Activity: Start the output with the opening line of the listing below and continue, reproducing each line exactly, up to and including the line that contains "Cheesy Cauliflower KickAsserole 🧀".

+ + + +

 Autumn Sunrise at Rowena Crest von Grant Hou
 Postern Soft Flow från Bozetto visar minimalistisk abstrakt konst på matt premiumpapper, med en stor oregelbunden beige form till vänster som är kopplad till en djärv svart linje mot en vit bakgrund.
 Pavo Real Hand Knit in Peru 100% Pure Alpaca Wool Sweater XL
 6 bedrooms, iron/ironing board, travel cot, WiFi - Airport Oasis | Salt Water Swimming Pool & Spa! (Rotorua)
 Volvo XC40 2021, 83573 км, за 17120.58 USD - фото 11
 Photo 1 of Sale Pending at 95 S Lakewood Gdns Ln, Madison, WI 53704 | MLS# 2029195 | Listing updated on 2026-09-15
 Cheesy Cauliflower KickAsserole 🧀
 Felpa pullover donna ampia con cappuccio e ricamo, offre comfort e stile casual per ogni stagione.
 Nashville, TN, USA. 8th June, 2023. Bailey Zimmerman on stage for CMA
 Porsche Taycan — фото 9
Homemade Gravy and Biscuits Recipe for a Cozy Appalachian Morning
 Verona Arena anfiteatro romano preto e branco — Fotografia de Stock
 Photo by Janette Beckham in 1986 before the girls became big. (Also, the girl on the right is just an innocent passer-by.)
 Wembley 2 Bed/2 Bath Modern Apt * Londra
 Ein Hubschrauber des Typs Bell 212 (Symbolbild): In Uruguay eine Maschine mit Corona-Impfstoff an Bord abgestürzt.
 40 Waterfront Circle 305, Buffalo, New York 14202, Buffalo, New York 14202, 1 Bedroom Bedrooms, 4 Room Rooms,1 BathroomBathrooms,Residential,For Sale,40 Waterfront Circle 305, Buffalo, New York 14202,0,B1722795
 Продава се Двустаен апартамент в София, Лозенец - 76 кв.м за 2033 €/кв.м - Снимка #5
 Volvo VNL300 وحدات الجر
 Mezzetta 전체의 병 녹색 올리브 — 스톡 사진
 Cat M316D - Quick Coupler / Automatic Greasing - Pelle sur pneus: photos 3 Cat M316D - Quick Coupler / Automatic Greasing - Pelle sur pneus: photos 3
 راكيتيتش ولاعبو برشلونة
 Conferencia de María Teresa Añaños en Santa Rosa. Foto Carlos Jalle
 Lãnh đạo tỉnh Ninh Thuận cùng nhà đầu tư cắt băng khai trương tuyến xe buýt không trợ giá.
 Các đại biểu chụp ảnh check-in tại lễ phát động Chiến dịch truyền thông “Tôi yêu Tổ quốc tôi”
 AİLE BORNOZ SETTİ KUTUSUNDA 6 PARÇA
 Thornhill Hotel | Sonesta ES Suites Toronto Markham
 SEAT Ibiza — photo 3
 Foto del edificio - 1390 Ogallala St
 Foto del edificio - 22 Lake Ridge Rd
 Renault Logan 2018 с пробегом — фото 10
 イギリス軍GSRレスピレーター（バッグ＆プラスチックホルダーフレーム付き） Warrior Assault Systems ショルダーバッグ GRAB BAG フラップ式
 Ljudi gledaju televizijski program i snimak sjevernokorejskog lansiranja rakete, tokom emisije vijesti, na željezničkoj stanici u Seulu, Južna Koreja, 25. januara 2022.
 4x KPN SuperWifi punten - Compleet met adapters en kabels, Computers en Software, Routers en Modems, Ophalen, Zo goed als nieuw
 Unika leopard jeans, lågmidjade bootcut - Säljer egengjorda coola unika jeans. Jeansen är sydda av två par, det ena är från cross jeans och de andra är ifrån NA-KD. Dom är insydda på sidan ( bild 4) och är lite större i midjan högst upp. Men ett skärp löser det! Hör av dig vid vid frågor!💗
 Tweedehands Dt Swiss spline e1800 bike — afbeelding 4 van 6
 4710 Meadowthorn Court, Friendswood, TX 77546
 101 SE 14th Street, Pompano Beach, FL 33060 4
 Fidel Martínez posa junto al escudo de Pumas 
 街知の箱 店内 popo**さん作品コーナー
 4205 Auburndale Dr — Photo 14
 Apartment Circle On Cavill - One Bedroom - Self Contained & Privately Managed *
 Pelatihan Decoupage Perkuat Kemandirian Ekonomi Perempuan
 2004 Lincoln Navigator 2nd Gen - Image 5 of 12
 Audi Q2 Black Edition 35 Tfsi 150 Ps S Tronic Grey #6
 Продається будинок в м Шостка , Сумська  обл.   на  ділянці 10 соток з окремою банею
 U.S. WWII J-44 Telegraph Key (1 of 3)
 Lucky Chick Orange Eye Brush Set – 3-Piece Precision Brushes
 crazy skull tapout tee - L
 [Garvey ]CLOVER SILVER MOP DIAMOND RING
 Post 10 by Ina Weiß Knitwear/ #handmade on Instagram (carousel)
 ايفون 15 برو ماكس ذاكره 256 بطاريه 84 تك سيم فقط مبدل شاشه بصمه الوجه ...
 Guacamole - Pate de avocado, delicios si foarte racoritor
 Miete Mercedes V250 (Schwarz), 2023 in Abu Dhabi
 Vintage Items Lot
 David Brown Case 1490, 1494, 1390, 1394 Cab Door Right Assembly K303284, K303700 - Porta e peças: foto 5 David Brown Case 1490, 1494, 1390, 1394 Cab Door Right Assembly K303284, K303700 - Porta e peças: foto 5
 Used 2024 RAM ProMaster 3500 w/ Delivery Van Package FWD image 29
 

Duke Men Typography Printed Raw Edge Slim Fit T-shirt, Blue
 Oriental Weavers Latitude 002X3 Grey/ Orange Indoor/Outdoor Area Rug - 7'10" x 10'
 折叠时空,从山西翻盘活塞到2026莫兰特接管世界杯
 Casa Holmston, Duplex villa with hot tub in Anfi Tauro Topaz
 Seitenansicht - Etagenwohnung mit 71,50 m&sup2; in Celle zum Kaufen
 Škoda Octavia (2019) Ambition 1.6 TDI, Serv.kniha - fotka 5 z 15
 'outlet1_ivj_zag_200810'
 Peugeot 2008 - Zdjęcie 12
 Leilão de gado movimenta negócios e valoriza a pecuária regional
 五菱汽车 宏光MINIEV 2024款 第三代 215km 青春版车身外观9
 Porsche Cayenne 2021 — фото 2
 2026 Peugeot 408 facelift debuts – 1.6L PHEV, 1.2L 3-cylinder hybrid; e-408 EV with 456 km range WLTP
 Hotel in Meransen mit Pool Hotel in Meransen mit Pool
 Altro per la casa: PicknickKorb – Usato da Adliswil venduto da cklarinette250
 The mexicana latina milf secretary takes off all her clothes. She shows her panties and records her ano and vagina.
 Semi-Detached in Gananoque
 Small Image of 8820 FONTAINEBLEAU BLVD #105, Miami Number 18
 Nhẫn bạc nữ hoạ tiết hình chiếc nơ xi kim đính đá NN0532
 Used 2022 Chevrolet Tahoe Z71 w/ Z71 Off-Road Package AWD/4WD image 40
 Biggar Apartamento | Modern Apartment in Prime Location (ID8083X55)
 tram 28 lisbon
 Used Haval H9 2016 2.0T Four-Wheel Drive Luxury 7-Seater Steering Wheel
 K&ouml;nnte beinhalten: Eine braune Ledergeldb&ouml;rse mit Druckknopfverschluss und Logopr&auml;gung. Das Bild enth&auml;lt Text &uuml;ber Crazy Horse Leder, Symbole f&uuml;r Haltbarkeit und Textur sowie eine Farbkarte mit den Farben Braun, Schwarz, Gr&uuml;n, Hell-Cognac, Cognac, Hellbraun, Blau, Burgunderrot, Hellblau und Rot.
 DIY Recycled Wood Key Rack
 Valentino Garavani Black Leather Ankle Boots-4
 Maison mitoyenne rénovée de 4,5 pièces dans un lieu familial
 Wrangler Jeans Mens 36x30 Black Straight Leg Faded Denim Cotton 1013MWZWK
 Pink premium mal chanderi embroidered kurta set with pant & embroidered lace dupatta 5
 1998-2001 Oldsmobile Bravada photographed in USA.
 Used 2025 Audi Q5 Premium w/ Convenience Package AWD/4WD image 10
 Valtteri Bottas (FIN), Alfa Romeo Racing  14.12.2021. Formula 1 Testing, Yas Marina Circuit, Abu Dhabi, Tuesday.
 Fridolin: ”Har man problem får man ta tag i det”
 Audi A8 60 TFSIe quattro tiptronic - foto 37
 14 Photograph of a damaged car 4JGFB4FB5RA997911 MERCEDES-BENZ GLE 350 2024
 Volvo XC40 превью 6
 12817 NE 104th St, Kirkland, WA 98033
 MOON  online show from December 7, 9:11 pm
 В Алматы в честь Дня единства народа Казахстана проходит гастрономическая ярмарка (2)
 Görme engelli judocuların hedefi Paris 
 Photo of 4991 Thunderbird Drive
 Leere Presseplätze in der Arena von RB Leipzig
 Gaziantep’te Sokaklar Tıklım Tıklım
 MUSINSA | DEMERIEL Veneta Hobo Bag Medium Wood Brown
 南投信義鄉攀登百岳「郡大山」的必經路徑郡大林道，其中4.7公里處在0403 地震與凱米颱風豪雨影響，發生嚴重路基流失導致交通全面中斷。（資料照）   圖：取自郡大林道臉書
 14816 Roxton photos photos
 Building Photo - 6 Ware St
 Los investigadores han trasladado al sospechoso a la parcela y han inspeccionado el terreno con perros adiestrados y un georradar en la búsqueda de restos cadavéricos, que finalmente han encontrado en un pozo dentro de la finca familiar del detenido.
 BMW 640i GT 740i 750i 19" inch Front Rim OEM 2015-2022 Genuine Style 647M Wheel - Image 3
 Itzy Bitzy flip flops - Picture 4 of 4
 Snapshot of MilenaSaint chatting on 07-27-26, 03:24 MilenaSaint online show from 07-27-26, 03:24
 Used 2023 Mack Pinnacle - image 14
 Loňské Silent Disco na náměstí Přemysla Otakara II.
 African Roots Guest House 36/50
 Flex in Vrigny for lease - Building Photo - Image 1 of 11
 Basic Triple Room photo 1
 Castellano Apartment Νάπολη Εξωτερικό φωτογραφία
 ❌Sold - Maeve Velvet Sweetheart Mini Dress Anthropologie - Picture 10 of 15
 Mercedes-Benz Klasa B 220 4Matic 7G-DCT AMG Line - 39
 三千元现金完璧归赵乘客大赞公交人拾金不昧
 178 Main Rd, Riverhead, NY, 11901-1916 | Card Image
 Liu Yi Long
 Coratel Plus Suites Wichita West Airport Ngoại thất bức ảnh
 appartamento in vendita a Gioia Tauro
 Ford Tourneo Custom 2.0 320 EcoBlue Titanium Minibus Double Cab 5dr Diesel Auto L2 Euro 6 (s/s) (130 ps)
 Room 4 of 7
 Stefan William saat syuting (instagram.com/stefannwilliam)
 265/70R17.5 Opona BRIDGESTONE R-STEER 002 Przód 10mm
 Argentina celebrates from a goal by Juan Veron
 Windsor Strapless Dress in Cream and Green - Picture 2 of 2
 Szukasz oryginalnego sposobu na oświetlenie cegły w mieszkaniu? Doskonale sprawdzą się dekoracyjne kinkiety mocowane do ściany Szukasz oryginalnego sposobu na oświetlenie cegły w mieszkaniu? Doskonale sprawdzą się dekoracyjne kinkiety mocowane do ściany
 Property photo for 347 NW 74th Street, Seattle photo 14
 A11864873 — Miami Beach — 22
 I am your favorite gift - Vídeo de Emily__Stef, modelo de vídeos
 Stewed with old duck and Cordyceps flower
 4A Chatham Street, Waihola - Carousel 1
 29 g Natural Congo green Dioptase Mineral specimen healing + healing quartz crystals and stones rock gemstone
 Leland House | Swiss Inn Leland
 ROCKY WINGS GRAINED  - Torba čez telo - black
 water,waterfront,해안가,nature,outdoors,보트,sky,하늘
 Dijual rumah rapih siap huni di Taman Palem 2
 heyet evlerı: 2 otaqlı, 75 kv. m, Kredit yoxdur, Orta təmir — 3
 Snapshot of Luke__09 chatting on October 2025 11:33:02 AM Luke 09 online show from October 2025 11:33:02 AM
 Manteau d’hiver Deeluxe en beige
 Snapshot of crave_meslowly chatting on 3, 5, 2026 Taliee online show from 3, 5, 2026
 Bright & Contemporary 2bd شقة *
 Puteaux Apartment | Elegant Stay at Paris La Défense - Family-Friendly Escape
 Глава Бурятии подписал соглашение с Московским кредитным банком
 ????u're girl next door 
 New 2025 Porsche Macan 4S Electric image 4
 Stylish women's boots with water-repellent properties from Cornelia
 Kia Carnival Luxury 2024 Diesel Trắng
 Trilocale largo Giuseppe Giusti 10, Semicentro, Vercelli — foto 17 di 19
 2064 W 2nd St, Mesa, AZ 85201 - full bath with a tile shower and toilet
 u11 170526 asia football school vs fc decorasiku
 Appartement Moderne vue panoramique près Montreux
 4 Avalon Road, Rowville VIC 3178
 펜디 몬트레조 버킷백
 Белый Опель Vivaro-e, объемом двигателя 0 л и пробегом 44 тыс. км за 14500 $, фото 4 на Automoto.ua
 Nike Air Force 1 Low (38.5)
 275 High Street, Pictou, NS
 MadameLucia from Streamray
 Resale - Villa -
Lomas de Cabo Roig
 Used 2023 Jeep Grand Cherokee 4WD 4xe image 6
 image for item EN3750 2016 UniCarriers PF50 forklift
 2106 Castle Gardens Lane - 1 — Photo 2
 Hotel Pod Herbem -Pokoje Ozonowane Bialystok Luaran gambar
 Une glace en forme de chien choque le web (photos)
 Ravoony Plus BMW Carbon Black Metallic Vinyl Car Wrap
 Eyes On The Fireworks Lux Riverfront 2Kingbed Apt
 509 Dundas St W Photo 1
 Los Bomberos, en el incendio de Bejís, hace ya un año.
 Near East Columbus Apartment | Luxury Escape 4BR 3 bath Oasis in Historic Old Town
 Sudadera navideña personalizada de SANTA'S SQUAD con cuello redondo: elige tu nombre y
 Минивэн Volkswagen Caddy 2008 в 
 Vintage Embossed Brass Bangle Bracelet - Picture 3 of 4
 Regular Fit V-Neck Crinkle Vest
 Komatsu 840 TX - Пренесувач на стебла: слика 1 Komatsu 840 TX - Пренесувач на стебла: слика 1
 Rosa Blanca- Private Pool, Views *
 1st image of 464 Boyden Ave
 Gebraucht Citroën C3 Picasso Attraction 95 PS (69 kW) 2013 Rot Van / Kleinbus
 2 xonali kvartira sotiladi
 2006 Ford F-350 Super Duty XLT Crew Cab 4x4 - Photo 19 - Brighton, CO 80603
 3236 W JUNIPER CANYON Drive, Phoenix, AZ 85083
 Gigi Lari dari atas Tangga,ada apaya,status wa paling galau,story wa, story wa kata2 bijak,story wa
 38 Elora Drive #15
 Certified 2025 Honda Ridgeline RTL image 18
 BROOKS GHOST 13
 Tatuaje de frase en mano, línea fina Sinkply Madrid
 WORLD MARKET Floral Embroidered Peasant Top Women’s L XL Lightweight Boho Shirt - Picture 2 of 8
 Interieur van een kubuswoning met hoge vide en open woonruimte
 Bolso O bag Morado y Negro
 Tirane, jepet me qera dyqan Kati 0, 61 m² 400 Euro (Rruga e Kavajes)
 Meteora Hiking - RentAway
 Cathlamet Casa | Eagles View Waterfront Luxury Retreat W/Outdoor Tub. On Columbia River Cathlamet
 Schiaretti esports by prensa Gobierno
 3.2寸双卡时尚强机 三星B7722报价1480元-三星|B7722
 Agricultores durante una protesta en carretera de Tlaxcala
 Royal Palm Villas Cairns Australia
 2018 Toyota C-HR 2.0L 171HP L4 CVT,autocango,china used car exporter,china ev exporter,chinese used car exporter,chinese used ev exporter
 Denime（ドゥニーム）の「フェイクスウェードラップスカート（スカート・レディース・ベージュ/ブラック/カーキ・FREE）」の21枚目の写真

+ + + +

Finished task:
 Autumn Sunrise at Rowena Crest von Grant Hou
 Postern Soft Flow från Bozetto visar minimalistisk abstrakt konst på matt premiumpapper, med en stor oregelbunden beige form till vänster som är kopplad till en djärv svart linje mot en vit bakgrund.
 Pavo Real Hand Knit in Peru 100% Pure Alpaca Wool Sweater XL
 6 bedrooms, iron/ironing board, travel cot, WiFi - Airport Oasis | Salt Water Swimming Pool & Spa! (Rotorua)
 Volvo XC40 2021, 83573 км, за 17120.58 USD - фото 11
 Photo 1 of Sale Pending at 95 S Lakewood Gdns Ln, Madison, WI 53704 | MLS# 2029195 | Listing updated on 2026-09-15
 Cheesy Cauliflower KickAsserole 🧀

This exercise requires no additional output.